Sao Paulo police have been carrying out frisks and ID checks
|
The death toll from four days of gang attacks and a police backlash in the Brazilian state of Sao Paulo has risen to 115, said police.
They say 33 suspected gang members were shot by police in the 24 hours until Tuesday lunchtime.
Transport and other services in Sao Paulo have been restored, but the authorities are carrying out hundreds of arrests as they pursue the gang.
The wave of violence seems to have been ordered by gang leaders inside jail.
State authorities have strongly denied local newspaper reports that they struck a deal with the gang - the First Command of the Capital (PCC) - to put an end to attacks.
'Civil war'
Calm was returning to Sao Paulo city, Brazil's industrial capital, amid a heavy presence of police who frisked motorcyclists and drivers and checked ID cards.
On Monday, a string of attacks on police posts, banks and buses sent citizens scurrying home before nightfall.
 |
DEATH TOLL JUMPS
Official dead on Monday: 81 (39 police/prison guards, 38 suspected gang members, 4 civilians)

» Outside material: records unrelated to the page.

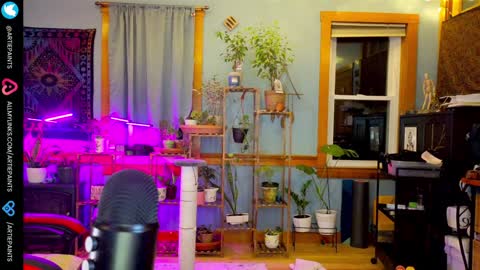 Snapshot of artiepaints chatting on December 2024 12:51:02 AM Artie Paints online show from December 2024 12:51:02 AM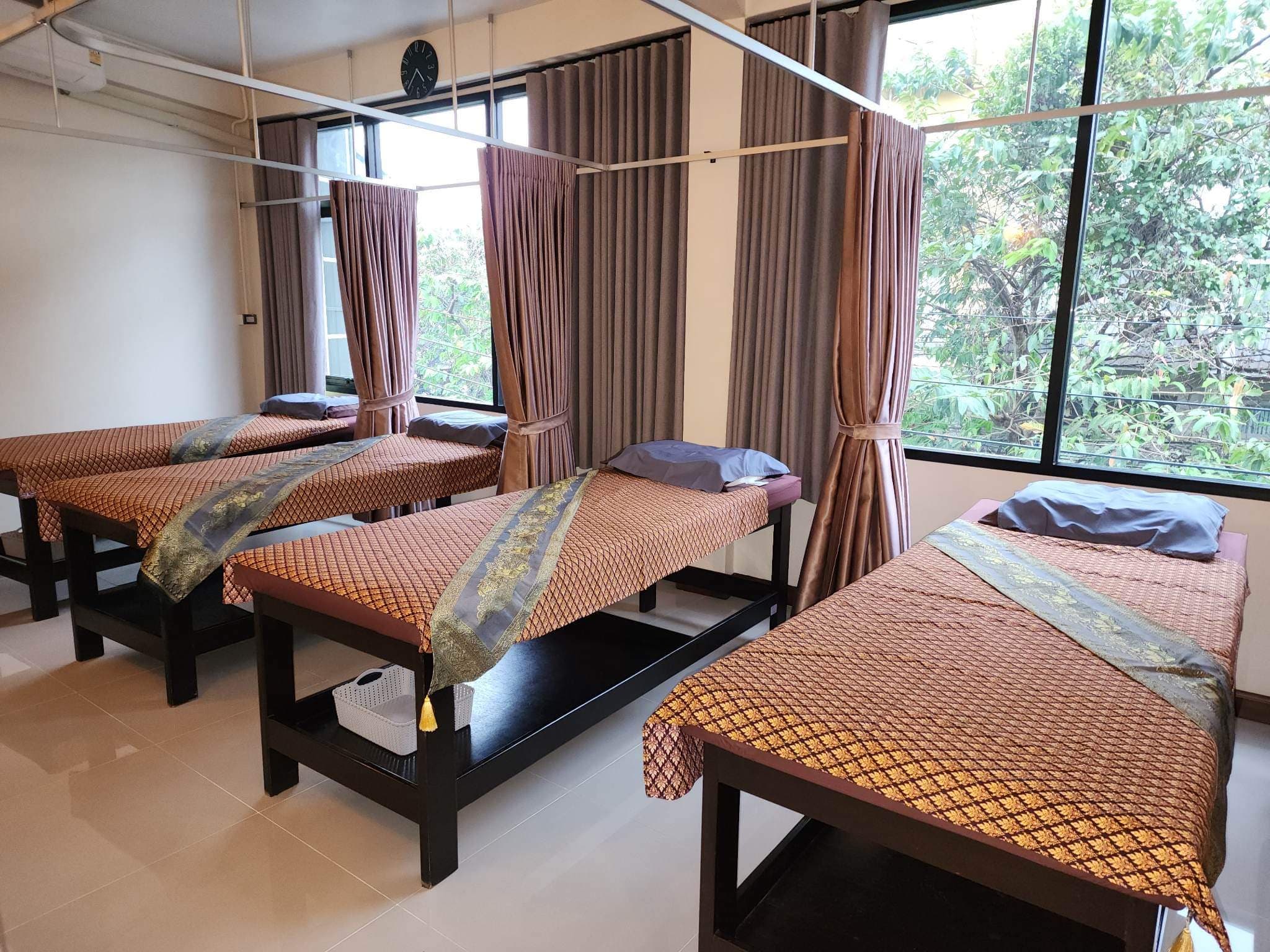 Iris Thai Massage – นวดแผนไทย in Bangkok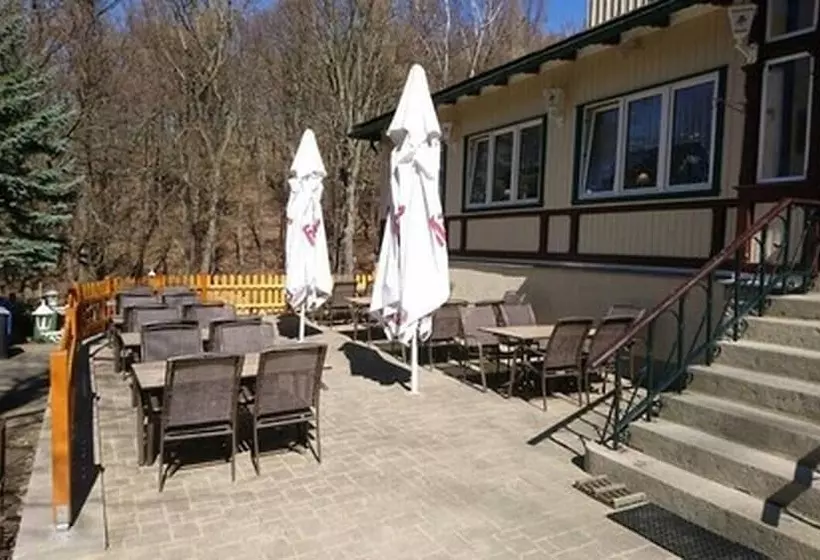 هتل Garni Am Schlosspark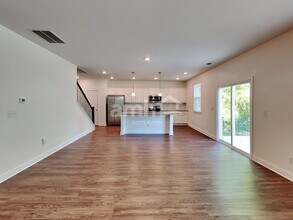 2150 Brook Enclave Trail in Lilburn, GA - Foto de edificio - Building Photo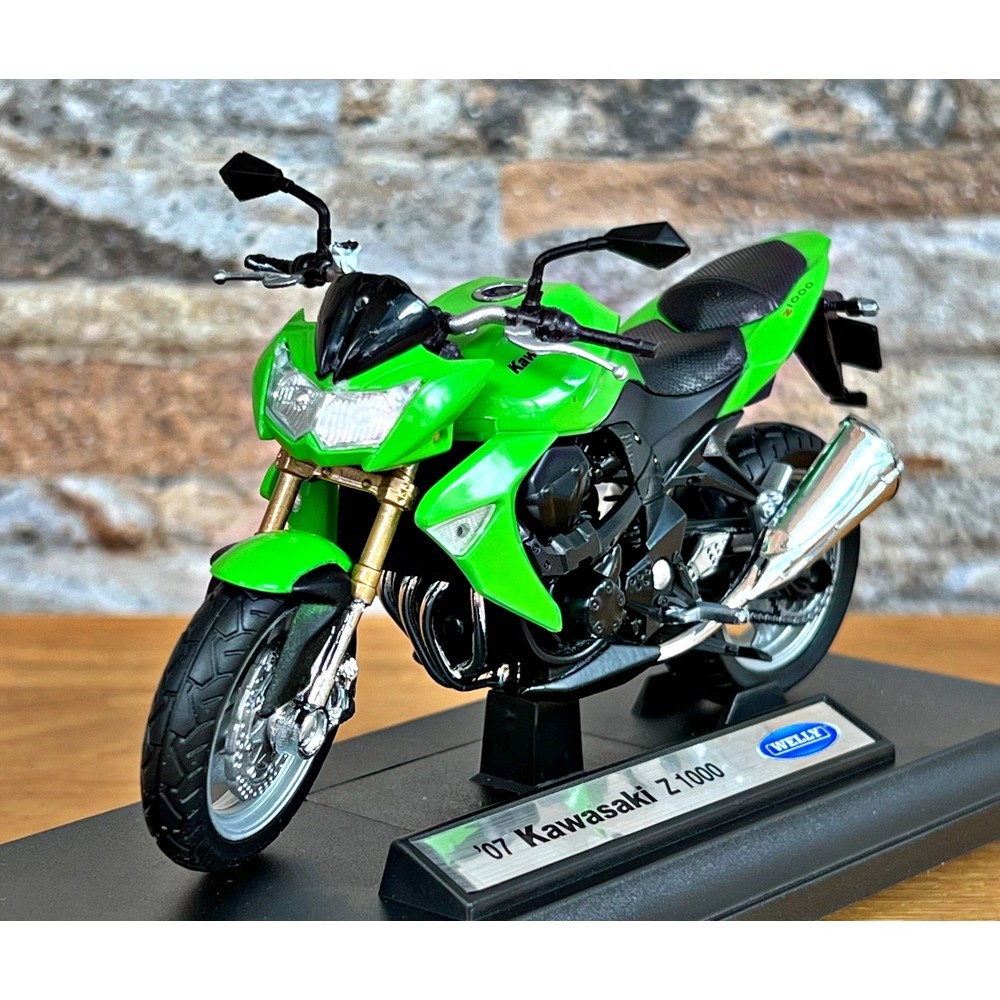 Miniatura Moto Kawasaki Z1000 Coleção Mix1:18 Welly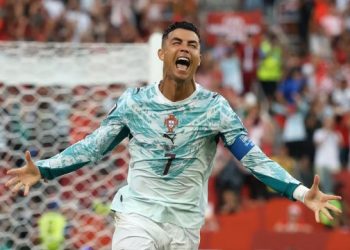 Portugal vira sobre a Croácia e garante vaga nas oitavas da Copa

Official dead on Tuesday: 115 (40 police/prison guards, 71 suspected gang members, 4 civilians, in addition bodies of 13 prisoners reportedly found)
|
Shops, offices and schools were open again on Tuesday, but many residents said they remained frightened.
"It's a civil war," Manuela Nascimento, a newsstand worker, told news agency AP.

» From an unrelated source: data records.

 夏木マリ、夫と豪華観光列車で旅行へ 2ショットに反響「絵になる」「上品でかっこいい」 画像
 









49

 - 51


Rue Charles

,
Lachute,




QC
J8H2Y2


"Now I leave my house scared and go to work scared."
The attacks were launched on Friday, apparently in retaliation for the transfer of 765 jailed PCC members to a maximum-security prison.

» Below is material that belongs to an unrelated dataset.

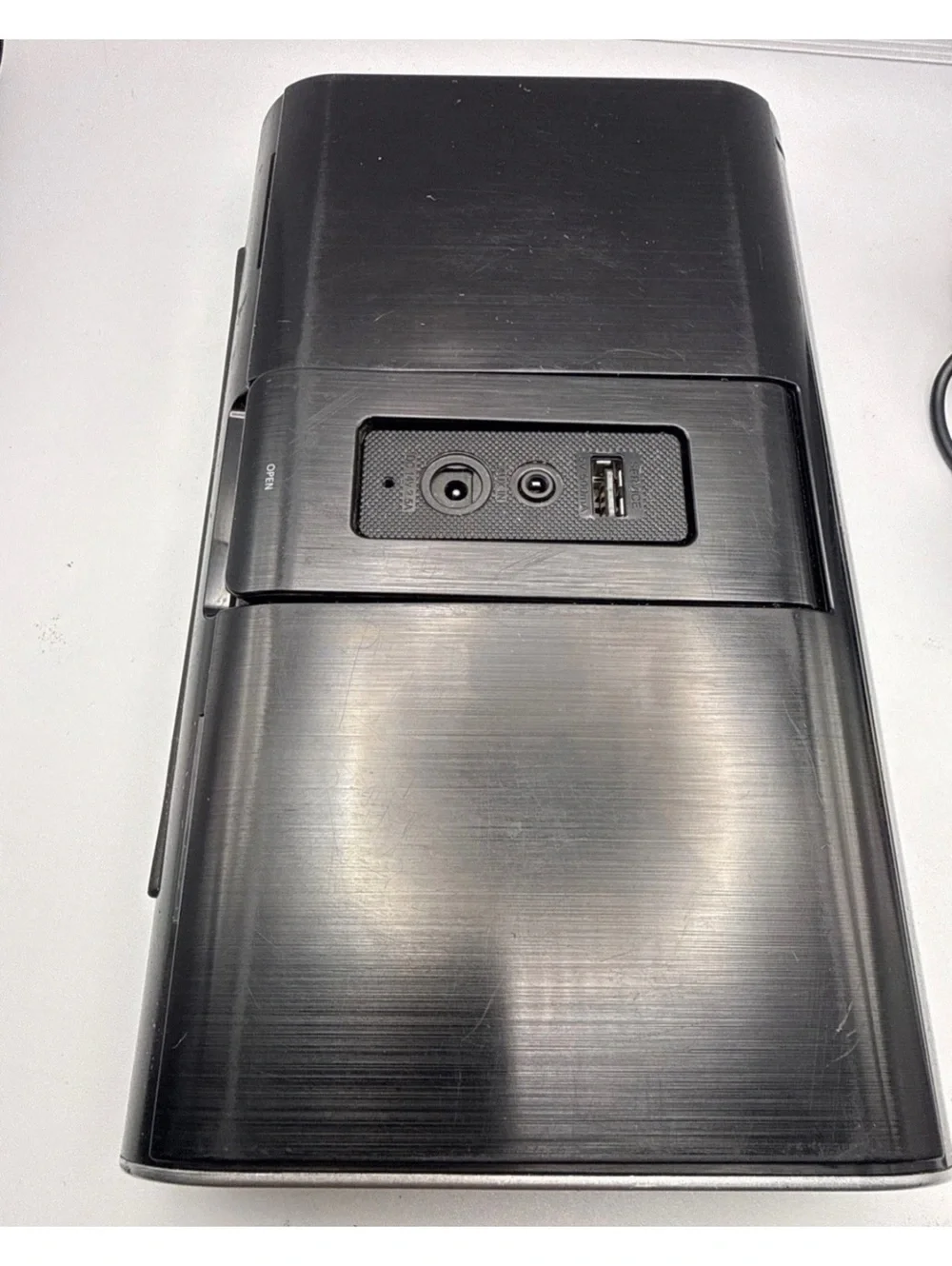 Samsung  DA-F60 Black Wireless Speaker with Charger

Over the weekend inmates of more than 70 prisons revolted, taking some 200 hostages, and suspected gangsters on the streets launched the mass attacks.
The revolts have now been quelled and the hostages released.
On Monday, police said 38 police and prison guards had been killed along with 39 suspected gangsters and four civilians.
The figure of suspected gangsters dead had jumped to 71 on Tuesday.
That increase has prompted concern among human rights groups, says the BBC's Steve Kingstone in Sao Paulo.
They say the earlier attacks on officers cannot be interpreted as a licence to kill and are calling for the names and details of all victims to be made public.
In addition to the 115 reported dead by police, it is thought that some 13 inmates caught up in the prison revolts were also killed.
Truce claims
Meanwhile, leading local newspapers say a deal struck between the PCC gang chief and authorities explains Tuesday's dip in attacks against police.
State Governor Claudio Lembo rejected the allegations, saying there would be "no concessions" to criminals, and the state organised crime unit has also denied the claims.
The PCC was formed in Sao Paulo by prisoners who survived one of Brazil's worst jail massacres in the early 1990s, when the police killed 111 inmates to put down a riot.
It is involved in drugs and arms trafficking, kidnappings, bank robberies, and prison breaks and rebellions, police say.
The gang's power has been heightened in recent years by the availability of mobile phones, smuggled through prison security, enabling members to run criminal activities from their cells.